Transforms

Many task kinds generate tasks by a process of transforming job descriptions into task definitions. The basic operation is simple, although the sequence of transforms applied for a particular kind may not be!

Overview

To begin, a kind implementation generates a collection of items. For example, the test kind implementation generates a list of tests to run for each matching build, representing each as a test description. The items are simply Python dictionaries.

The kind also defines a sequence of transformations. These are applied, in order, to each item. Early transforms might apply default values or break items up into smaller items (for example, chunking a test suite). Later transforms rewrite the items entirely, with the final result being a task definition.

Each transformation looks like this:

The config argument is a Python object containing useful configuration for the kind, and is a subclass of taskgraph.transforms.base.TransformConfig, which specifies a few of its attributes. Kinds may subclass and add additional attributes if necessary.

While most transforms yield one item for each item consumed, this is not always true: items that are not yielded are effectively filtered out. Yielding multiple items for each consumed item implements item duplication; this is how test chunking is accomplished, for example.

The transforms object is an instance of taskgraph.transforms.base.TransformSequence, which serves as a simple mechanism to combine a sequence of transforms into one.

Schemas

The items used in transforms are validated against some simple schemas at various points in the transformation process. These schemas accomplish two things: they provide a place to add comments about the meaning of each field, and they enforce that the fields are actually used in the documented fashion.

Keyed By

Several fields in the input items can be “keyed by” another value in the item. For example, a test description’s chunks may be keyed by test-platform. In the item, this looks like:

chunks:
    by-test-platform:
        linux64/debug: 12
        linux64/opt: 8
        default: 10

This is a simple but powerful way to encode business rules in the items provided as input to the transforms, rather than expressing those rules in the transforms themselves. If you are implementing a new business rule, prefer this mode where possible. The structure is easily resolved to a single value using taskgraph.transform.base.get_keyed_by().

Task-Generation Transforms

Every kind needs to create tasks, and all of those tasks have some things in common.
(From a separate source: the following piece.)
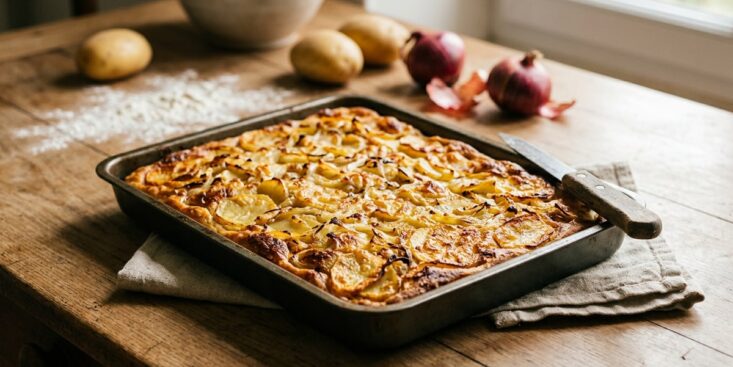 SoonNight - Cette recette italienne troque les courgettes contre pommes de terre et oignons pour une scarpaccia dorée et croustillante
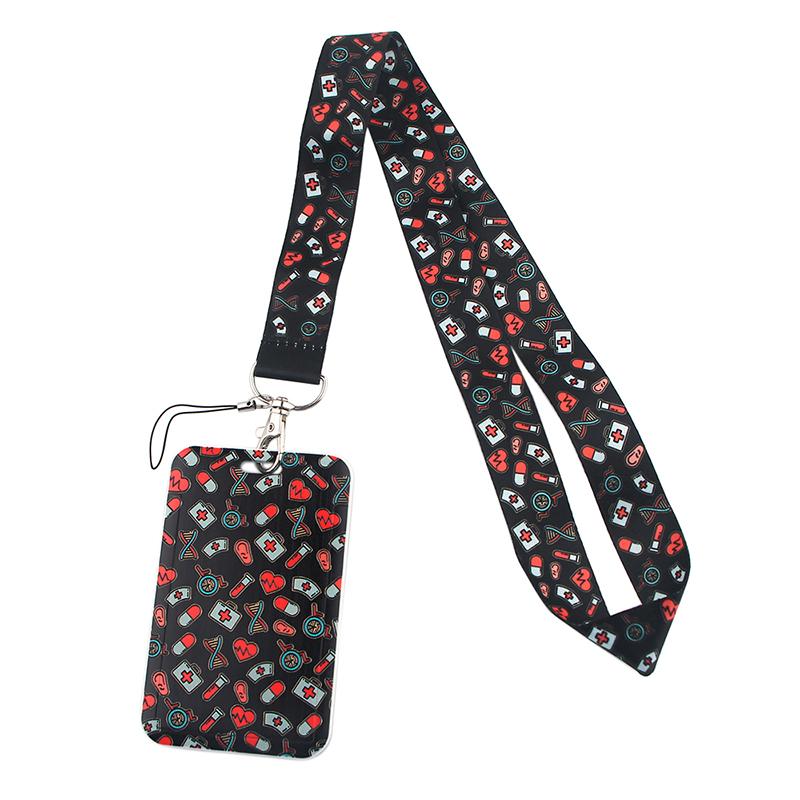Medical signs Credential Holder Keychains Neck Lanyard For Pass Card Credit Card Holder Keychain Straps Mobile Phone Wholesale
They all run on one of a small set of worker implementations, each with their own idiosyncracies. And they all report to TreeHerder in a similar way.

The transforms in taskcluster/taskgraph/transforms/make_task.py implement this common functionality. They expect a “task description”, and produce a task definition. The schema for a task description is defined at the top of make_task.py, with copious comments. The result is a dictionary with keys label, attributes, task, and dependencies, with the latter having the same format as the input dependencies.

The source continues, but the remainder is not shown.